I have tried doing both options to see what happens.
If I put in $6000, I don’t have any errors/warnings. My concern with entering just $6000 in this box is simply that my attached statement indicates I recharacterized $7116 (original contribution plus earnings) so I wasn’t sure if this is misleading/confusing at best or fraudulent at worst.
If I put $7116, I get an warning that states:
Because you made an excess contribution of $1116 to your traditional IRA, you will owe a 6% penalty ($66) each year that excess money remains in the IRA.
But don’t worry. You can remove this penalty by taking action before April 18, 2022.
Enter any excess contribution that you withdrew before April 18, 2022.
If I put in $1116 here, then my calculated taxes are the same as if had entered $6000 for the recharacterized amount. Alternatively, if I put $0 here (which may be appropriate since I didn’t actually withdraw the contribution, I merely converted them back to Roth IRA?), then would this somehow be showing that I have excess contributions going forward and I’ll continue to be taxed year after year?
My wife’s tax situation is very similar so I’ll leave out her specific details to avoid belaboring the point.
Figuring out how to file properly has been a bit of a nightmare but I guess on the bright side, I now have a much better understanding of how to do backdoor Roth IRAs in the future without royally screwing it up.
Thanks for your help and all you do for this community!
I’ll leave it to Jim to double check this, but the way I see it, your contribution amount is $6000 and your recharacterized amount is also $6000. Yes in actuality you recharacterized more than that, but the question you’re being asked is how much of your original contribution you recharacterized, not the total amount.
Good question.
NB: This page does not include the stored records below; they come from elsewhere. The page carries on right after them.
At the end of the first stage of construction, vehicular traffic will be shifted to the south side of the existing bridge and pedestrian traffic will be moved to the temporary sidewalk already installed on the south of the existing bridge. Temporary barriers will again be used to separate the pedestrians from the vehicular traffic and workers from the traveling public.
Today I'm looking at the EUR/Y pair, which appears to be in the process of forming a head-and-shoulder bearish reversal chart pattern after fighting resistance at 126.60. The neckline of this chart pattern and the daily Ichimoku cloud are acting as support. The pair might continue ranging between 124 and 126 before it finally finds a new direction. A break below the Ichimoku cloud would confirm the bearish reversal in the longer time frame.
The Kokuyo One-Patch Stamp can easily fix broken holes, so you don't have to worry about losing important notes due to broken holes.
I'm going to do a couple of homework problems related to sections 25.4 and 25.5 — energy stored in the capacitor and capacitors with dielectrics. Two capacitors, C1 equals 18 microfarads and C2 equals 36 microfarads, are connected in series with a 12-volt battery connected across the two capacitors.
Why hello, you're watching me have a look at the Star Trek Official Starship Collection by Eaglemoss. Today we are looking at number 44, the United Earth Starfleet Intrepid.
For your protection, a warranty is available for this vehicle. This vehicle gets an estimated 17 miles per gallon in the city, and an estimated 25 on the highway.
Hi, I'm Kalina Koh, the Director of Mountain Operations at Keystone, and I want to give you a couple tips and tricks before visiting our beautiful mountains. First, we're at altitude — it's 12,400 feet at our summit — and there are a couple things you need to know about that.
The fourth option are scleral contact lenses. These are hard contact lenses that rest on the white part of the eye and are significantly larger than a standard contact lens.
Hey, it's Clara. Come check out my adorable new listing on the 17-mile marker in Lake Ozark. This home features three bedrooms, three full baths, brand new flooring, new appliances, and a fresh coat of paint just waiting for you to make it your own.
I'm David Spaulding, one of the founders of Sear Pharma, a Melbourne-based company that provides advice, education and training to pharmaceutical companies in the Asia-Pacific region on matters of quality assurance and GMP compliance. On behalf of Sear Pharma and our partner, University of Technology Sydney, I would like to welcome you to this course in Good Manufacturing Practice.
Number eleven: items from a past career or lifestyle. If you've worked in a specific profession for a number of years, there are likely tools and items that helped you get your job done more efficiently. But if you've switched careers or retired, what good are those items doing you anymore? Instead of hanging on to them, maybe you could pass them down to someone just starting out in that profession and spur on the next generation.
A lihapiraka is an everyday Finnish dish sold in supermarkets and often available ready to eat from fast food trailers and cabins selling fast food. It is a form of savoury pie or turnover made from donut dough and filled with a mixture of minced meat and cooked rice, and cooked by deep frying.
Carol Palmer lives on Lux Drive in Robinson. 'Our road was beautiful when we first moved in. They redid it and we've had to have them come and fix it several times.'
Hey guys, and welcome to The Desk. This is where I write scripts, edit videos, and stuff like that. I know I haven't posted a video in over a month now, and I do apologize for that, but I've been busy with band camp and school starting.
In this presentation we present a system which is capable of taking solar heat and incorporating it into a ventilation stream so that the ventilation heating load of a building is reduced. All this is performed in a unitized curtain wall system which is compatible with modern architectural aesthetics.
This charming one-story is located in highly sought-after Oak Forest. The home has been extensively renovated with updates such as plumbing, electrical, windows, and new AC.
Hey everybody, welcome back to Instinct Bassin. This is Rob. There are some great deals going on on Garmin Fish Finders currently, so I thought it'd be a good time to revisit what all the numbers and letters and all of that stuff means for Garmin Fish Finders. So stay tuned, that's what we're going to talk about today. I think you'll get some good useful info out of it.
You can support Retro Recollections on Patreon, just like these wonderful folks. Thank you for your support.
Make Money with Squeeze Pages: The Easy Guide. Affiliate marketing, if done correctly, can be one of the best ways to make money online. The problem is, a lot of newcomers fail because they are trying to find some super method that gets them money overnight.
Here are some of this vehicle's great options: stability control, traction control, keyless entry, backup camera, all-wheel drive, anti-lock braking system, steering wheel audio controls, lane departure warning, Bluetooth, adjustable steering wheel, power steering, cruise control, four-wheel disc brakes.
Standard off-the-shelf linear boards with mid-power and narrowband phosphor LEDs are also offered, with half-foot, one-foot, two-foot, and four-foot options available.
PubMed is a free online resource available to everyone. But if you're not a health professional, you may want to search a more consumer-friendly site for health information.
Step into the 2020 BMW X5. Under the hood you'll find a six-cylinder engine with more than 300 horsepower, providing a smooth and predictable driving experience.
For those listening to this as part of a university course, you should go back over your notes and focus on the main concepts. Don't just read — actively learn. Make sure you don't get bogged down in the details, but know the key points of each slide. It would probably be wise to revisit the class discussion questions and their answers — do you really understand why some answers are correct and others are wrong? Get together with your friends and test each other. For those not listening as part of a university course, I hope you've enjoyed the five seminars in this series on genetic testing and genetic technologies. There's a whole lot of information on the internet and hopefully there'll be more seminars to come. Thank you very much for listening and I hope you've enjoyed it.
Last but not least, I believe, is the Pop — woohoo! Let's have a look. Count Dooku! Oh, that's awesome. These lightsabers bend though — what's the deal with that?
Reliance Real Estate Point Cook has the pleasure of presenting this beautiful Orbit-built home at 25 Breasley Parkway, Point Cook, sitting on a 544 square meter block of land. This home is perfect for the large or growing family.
I think it’s $6K. Basically, you’re saying you recharacterized the whole thing. But this is a Turbotax question not an IRS question, so call them if it doesn’t work out when you do that.
Thank you for the information. So I did the recharacterization for the first time today, for this year contribution . It hasn’t been processed yet. My question is, if I’ll receive the stocks I Recharacterized in the traditional IRA or I’ll receive the $6k amount in the settlement fund?
Not sure exactly what your situation is.
I don’t think investments HAVE to be liquidated to do a recharacterization, but it is probably frequently done.